Filtering Data

Data can be filtered arbitrarily using pd.DataFrame methods but the hicutils.core.filters module provides helper utilities for common filtering routines. Examples include filtering non-productive clones and excluding clones by copy number cutoffs.

Examples

filtering

API Documentation

hicutils.core.filters.filter_by_gene_frequency(df, min_frequency, by='subject', gene='v_gene')

Removes clones in by (defaults to subject) which have an overall gene usage less than or equal to min_frequency.

For example, if min_frequency=0.05 and by='subject', all clones using a V-gene with a frequency less than or equal to 0.05 in a given subject are removed.

dfpd.DataFrame

The DataFrame to filter.

min_frequencyfloat

The minimum frequency of a gene in by that should be included.

bystr

The column on which to calculate frequency. Defaults to subject.

genestr

The gene on which to filter. Accepts v_gene or j_gene defaulting to j_gene

Returns

DataFrame filtered on gene frequency in by.

hicutils.core.filters.filter_by_overall_copies(df, copies, field='clone_id')
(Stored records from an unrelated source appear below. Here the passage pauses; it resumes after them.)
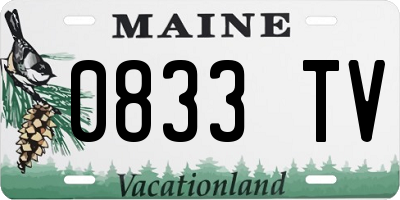 ME license plate 0833TV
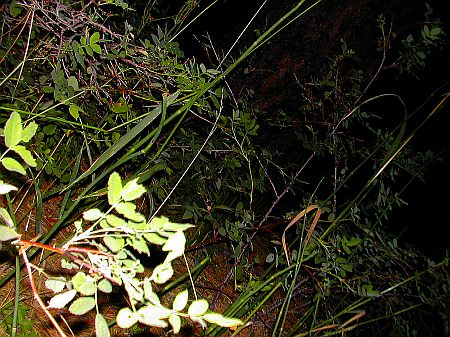 DSCN0369
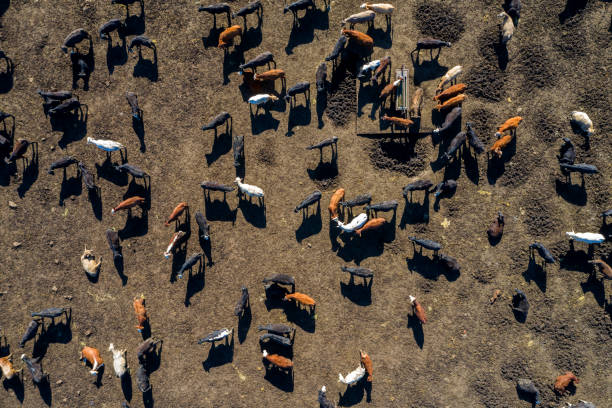 Beef Cattle From Above Aerial view of a large beef cattle feed lot in Texas, USA. beef cattle feeding stock pictures, royalty-free photos & images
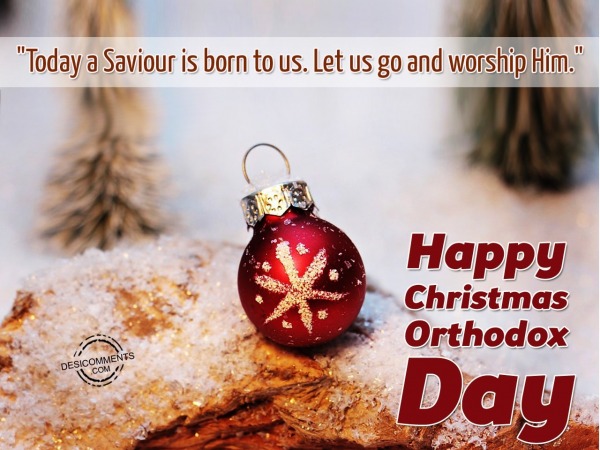 Today is Saviour is born to us. Let us go and worship him.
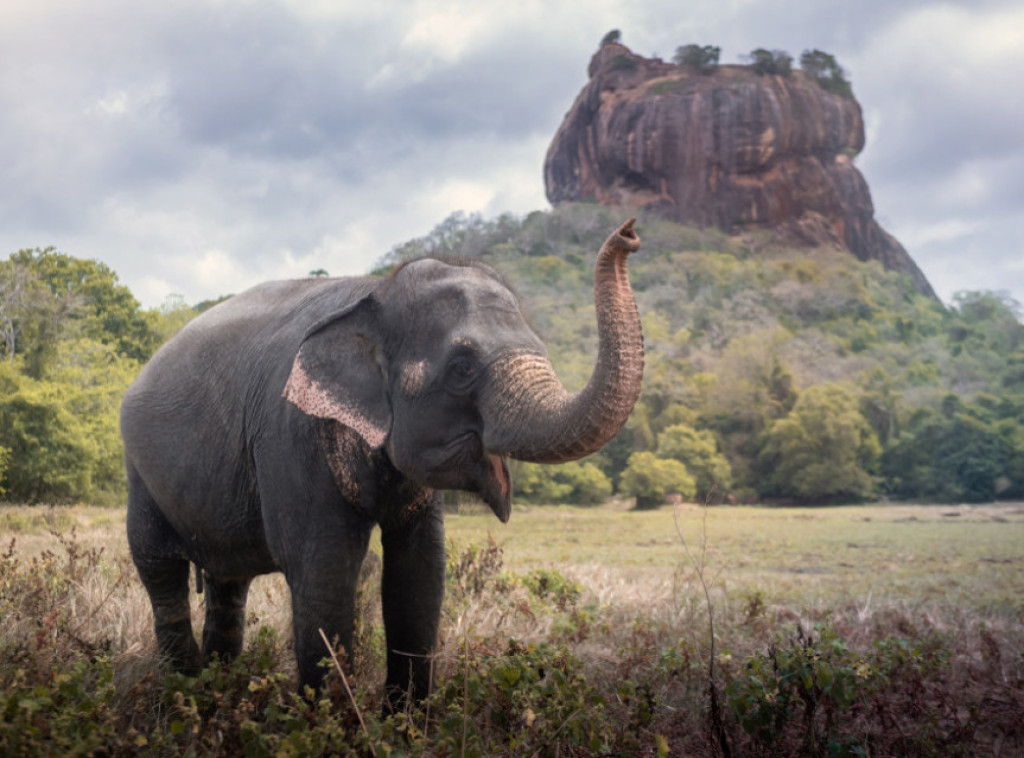 Slon se razjario tokom verske procesije u Šri Lanki, povređeno 13 osoba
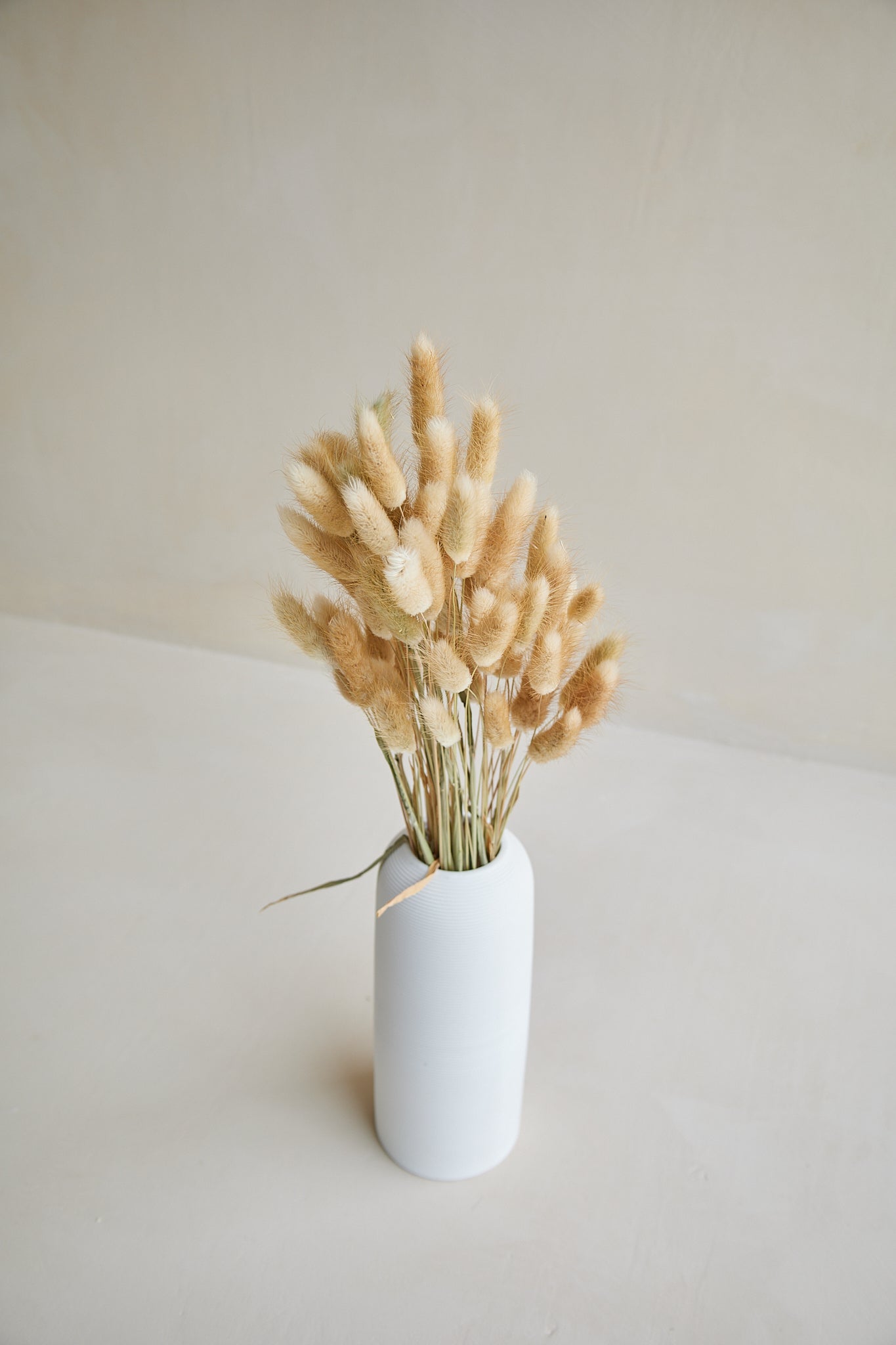 Bunny Tails - Natural (60 stems)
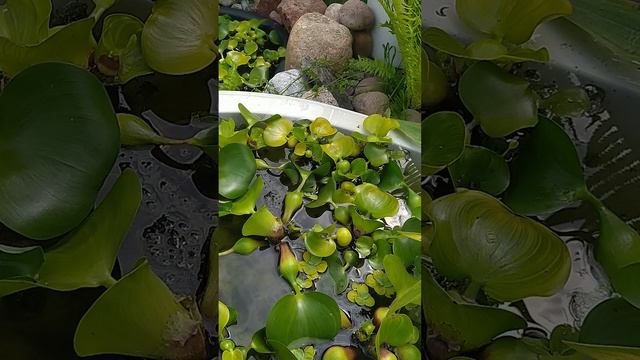 Водный гиацинт (эйхорния)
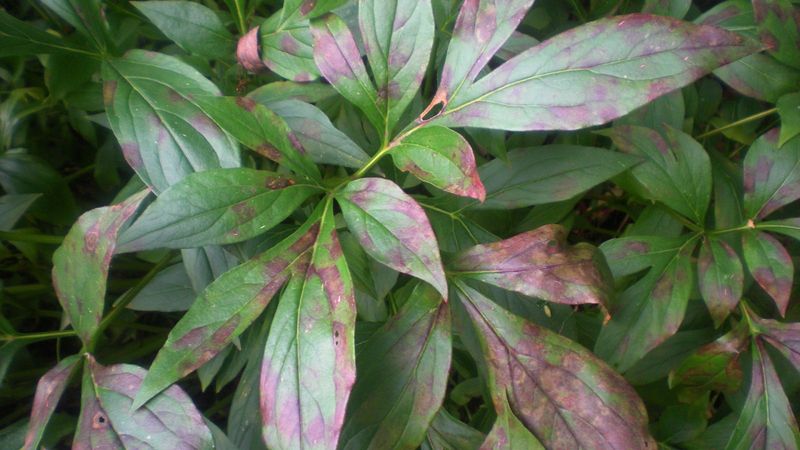 Those Brown Spotted Leaves Carry Next Year's Trouble Those Brown Spotted Leaves Carry Next Year's Trouble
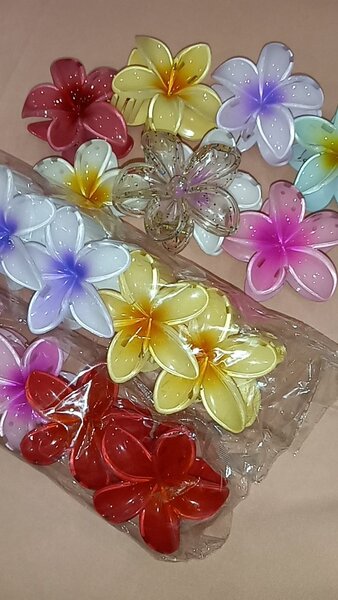Pinces à cheveux hawaïennes
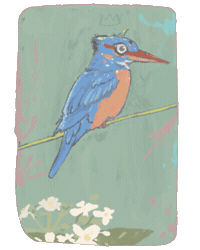 Nature Conservation Kingfisher Sticker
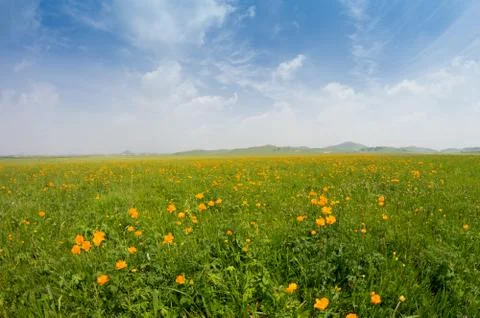 Bright grass Foto stock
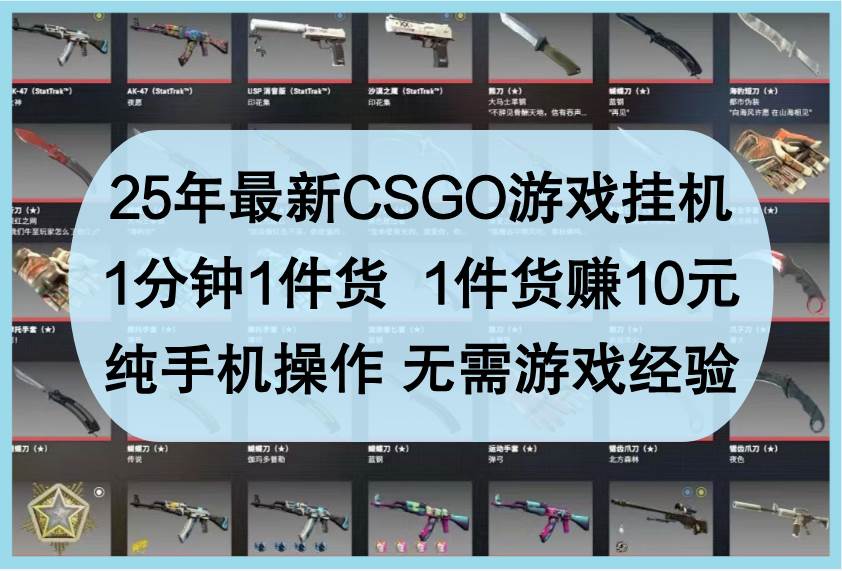25年最新CSGO游戏挂机，1分钟1件货，1件货赚10元，纯手机操作，无需游戏经验-知享知识库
Removes clones identified by field (default clone_id) from a DataFrame with less than copies total copies across all pools.

Changing field changes the definition of a clone. For example, setting field to 'cdr3_aa' will defined clones by their CDR3 AA sequence.

Parameters

dfpd.DataFrame

The DataFrame to filter.

copiesint

The minimum copy number of each clone required to be included in the resulting DataFrame.

Returns

DataFrame filtered by copies.

Examples

The following removes all clones with less than 5 copies from df:

>>> df.copies.min()
1
>>> df = filter_by_overall_copies(df, 5)
>>> df.copies.min()
4
hicutils.core.filters.filter_by_presence(df, pool, pool_value)

Filters clones based on presence in a given pool.

dfpd.DataFrame

The DataFrame to filter.

poolstr

The pool on which to filter.

pool_valuestr

The pool value on which to filter.

Returns

DataFrame filtered by number of pools.

hicutils.core.filters.filter_functional(df, functional=True)

Removes clones on functionality, by default removing non-functional clones. Setting functionality to False removes functional clones.

Parameters

dfpd.DataFrame

The DataFrame to filter.

functionalbool

The functionality of the clones to include. Set to True (the default) to include functional clones only. Set to False to only include non-functional clones.

Returns

DataFrame filtered by functionality.

hicutils.core.filters.filter_number_of_pools(df, pool, n, func='greater_equal', limit_to=None)

Filters clones based on the number of pools in which it occurs. df : pd.DataFrame

The DataFrame to filter.

poolstr

The pool on which to filter.

nstr

The number of distinct pools a clone must be in to be included in the resulting DataFrame.

funcfunction

The comparison function to use between n and the number of occurrences of each clone. The default is greater_equal meaning a clone must occur in ≥ n pools to be included. Any numpy function may be used such as equal or less_equal.

limit_tolist(str), str, None

If specified, overlap will be limited to the specified pools. This is useful to filter clones based on their overlap in a subset of pools.

Returns

DataFrame filtered by number of pools.

hicutils.core.filters.remove_potential_contaminates(df, pool, pool_values, clone_feature='cdr3_nt')

Removes clones based on clone_feature (defaults to CDR3 NT) which occur in pool with values pool_values. For example, to remove all clones with CDR3 NT sequences found in subjects ‘Fibroblast’ and ‘Water’:

remove_potential_contaminates(df, 'subject', ['Fibroblast', 'Water'])
dfpd.DataFrame

The DataFrame to filter.

poolstr

The pool to use for filtering.

pool_valueslist

The values of pool which should be the basis of clonal exclusion.

clone_featurestr

The clone feature to use for filtering. For example cdr3_nt (the default) will use the CDR3 NT sequence as the basis for removing other clones.

Returns

DataFrame with clones occurring in pool with values pool_values excluded on the basis of clone_feature.